▶ Exercise aim
Starting at the line where "Anime Word Search Printable" occurs, reproduce each line through the end of the entries below exactly. Omit every picture.

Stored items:
----------
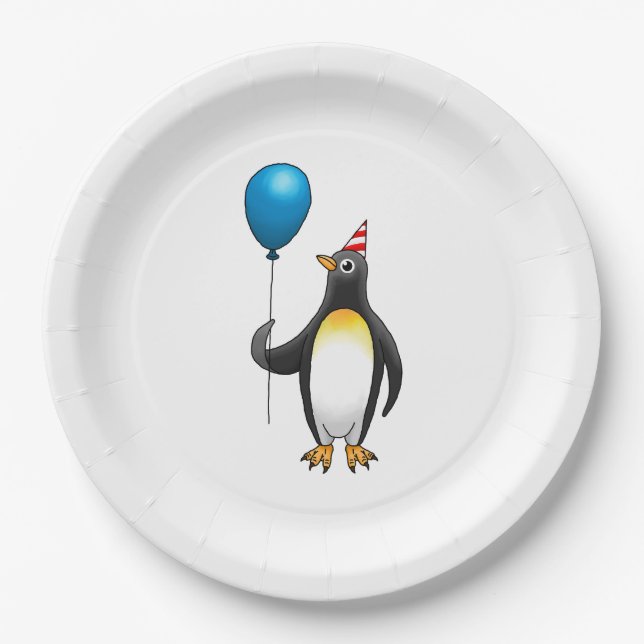 Penguin Pool Party Birthday Paper Plates (Front)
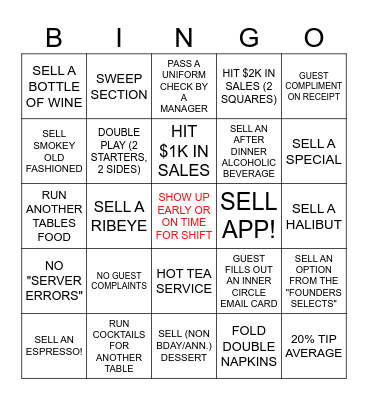 SERVER BINGO Card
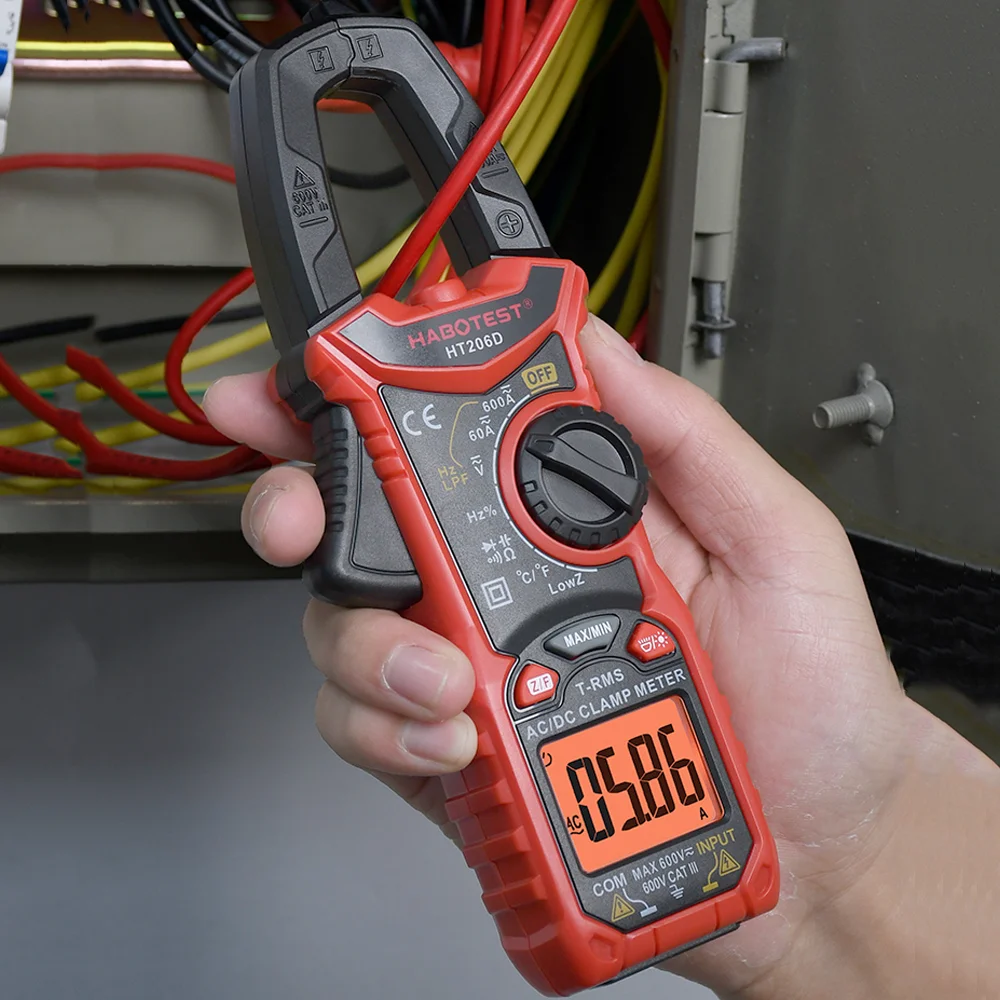 Ht206D Ac Dc Digital Clamp Meter Multimetro Penza Amperimetrica True Rms Alta Precisione Capacità Ncv Ohm Hz Tester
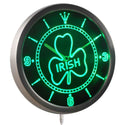 ADVPRO Irish Pub Shamrock Bar Beer Neon Sign LED Wall Clock nc0328 - Green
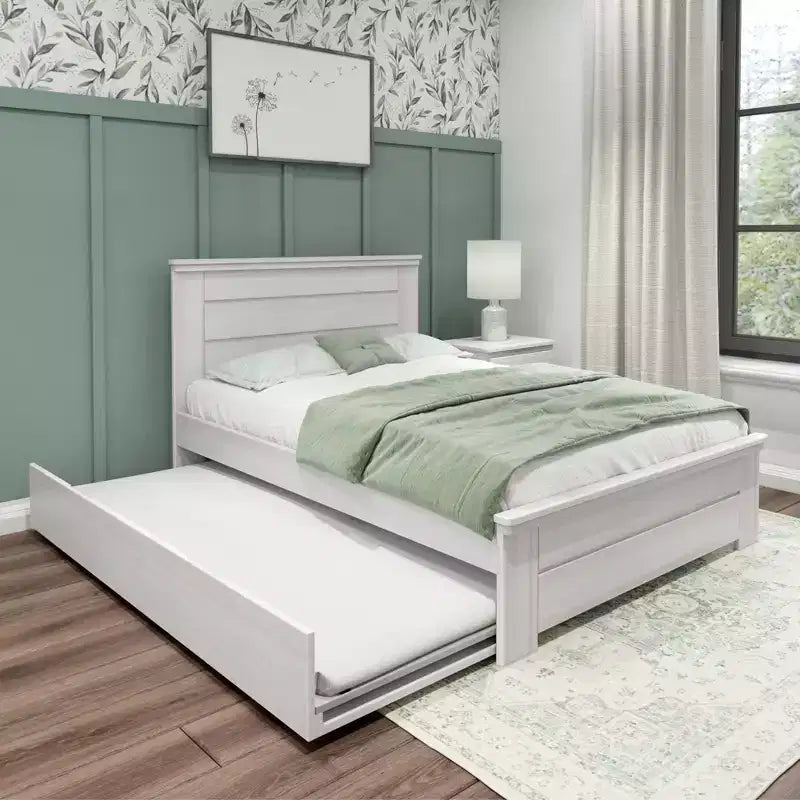 Struttura letto matrimoniale con letto estraibile, letto a piattaforma in legno massello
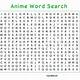 Anime Word Search Printable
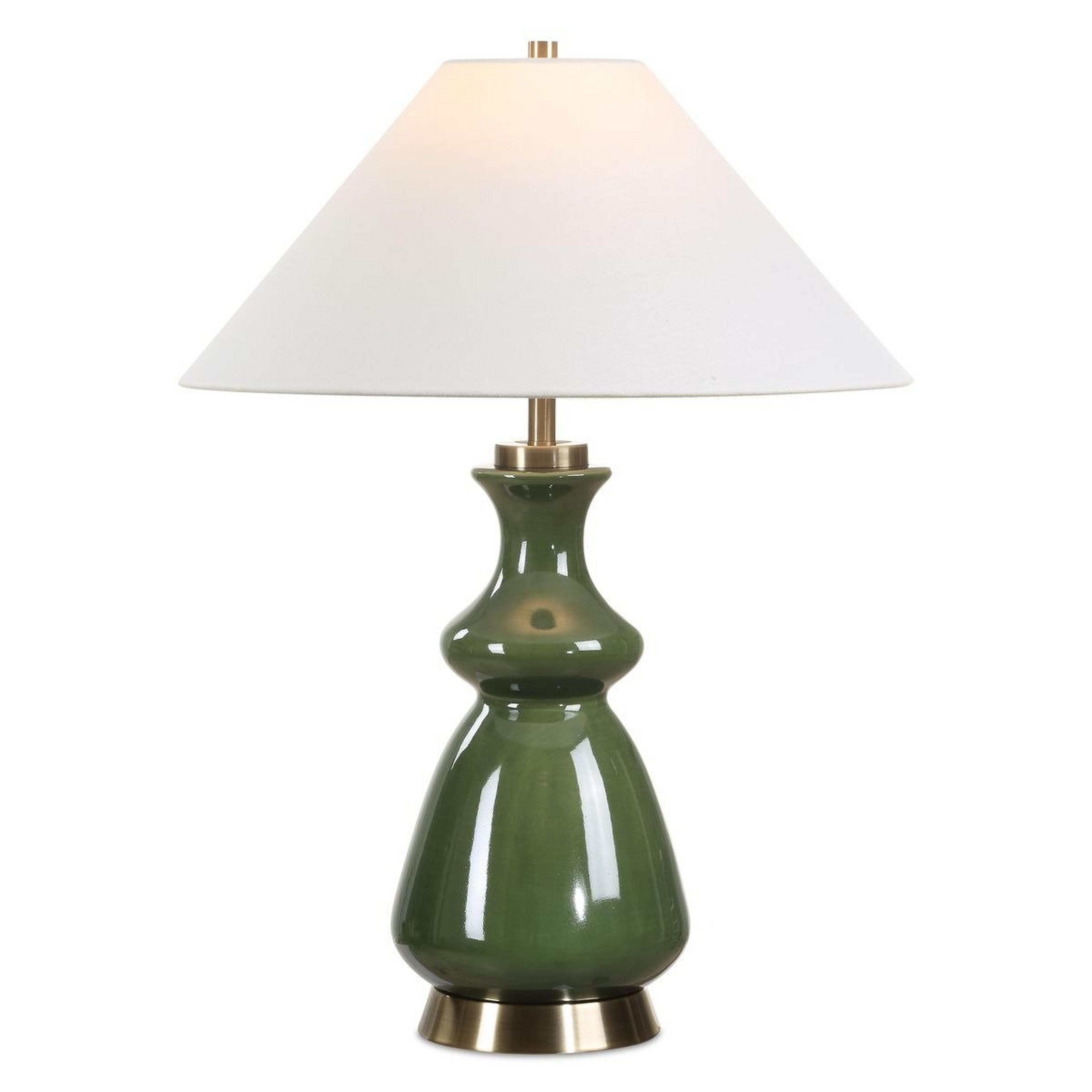 A Verdant Curve Table Lamp with Moss Green color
----------
▶ Reply to the task
 Anime Word Search Printable
 A Verdant Curve Table Lamp with Moss Green color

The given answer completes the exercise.